On se surprend plusieurs fois à se dire que le film aurait pu être autre chose. On aurait pu creuser davantage dans les multiples relations triangulaires existant dans la vie de la Monroe.
Williams transporte carrément le film sur ses épaules vers le dernier droit . Peut-être un peu comme Marilyn finissait par prendre le contrôle total des lieux qu'elle investissait à certaines occasions. Mais malheureusement le film manque d'élan dans la dernière demie-heure. On sentait la télé plus que le cinéma.
Williams apporte toutefois une mémorable tendresse et une crédible vulnérabilité à cette femme-enfant à l'écran.

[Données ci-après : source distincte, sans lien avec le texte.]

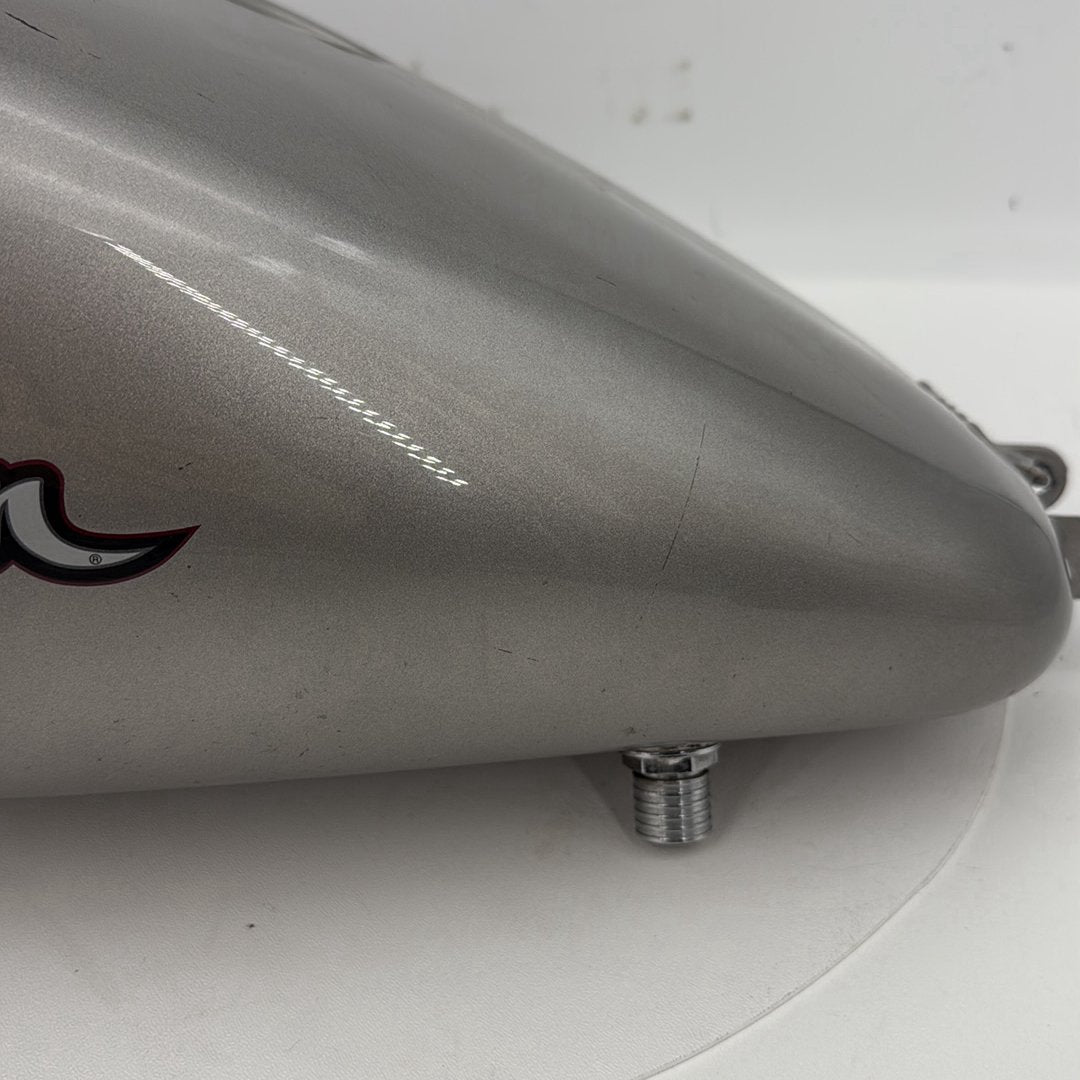 2007 - 2012 Harley-Davidson Dyna Super Glide Fuel Gas Tank Gasoline Reservoir 61590-04A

Et elle chante étonnament bien (si c'est bien sa voix qu'on entend).
Kenneth Brannagh interprête Laurence Olivier, Judi Dench incarne l'actrice Sybil Thorndike, Eddie Redmayne joue Colin Clark, Emma Watson peine à faire oublier Hermione Granger mais est radieuse en intérêt amoureux furtif de Colin Clark, Dougray Scott joue Arthur Miller, Toby Jones est Arthur Jacobs, Zoë Wanamaker incarne l'envahissante Paula Strasberg et Dominic Cooper joue Milton Greene.
Il y a tant à raconter autour de Marilyn, il me semble que cette "semaine" où elle aurait eu le temps de tourner, de se sauver pour faire une baignade nue avec Clark, de l'embrasser la nuit dans le vertige, de perdre un bébé (celui d'elle et Clark?), de visiter Londres, de faire du tourisme, me semble à la fois trivial et difficile à avaler en 7 jours.
Le doute, magnifiquement rendu par Michelle Williams en Marilyn, est devenu le mien en tant que spectateur.
Le grand film sur cette femme complexe reste à venir.
Mais j'aurai fréquenté pendant une heure et demie, l'intimité de la cohue passée.
Tel que vécue par Colin Clark et adapté par Simon Curtis.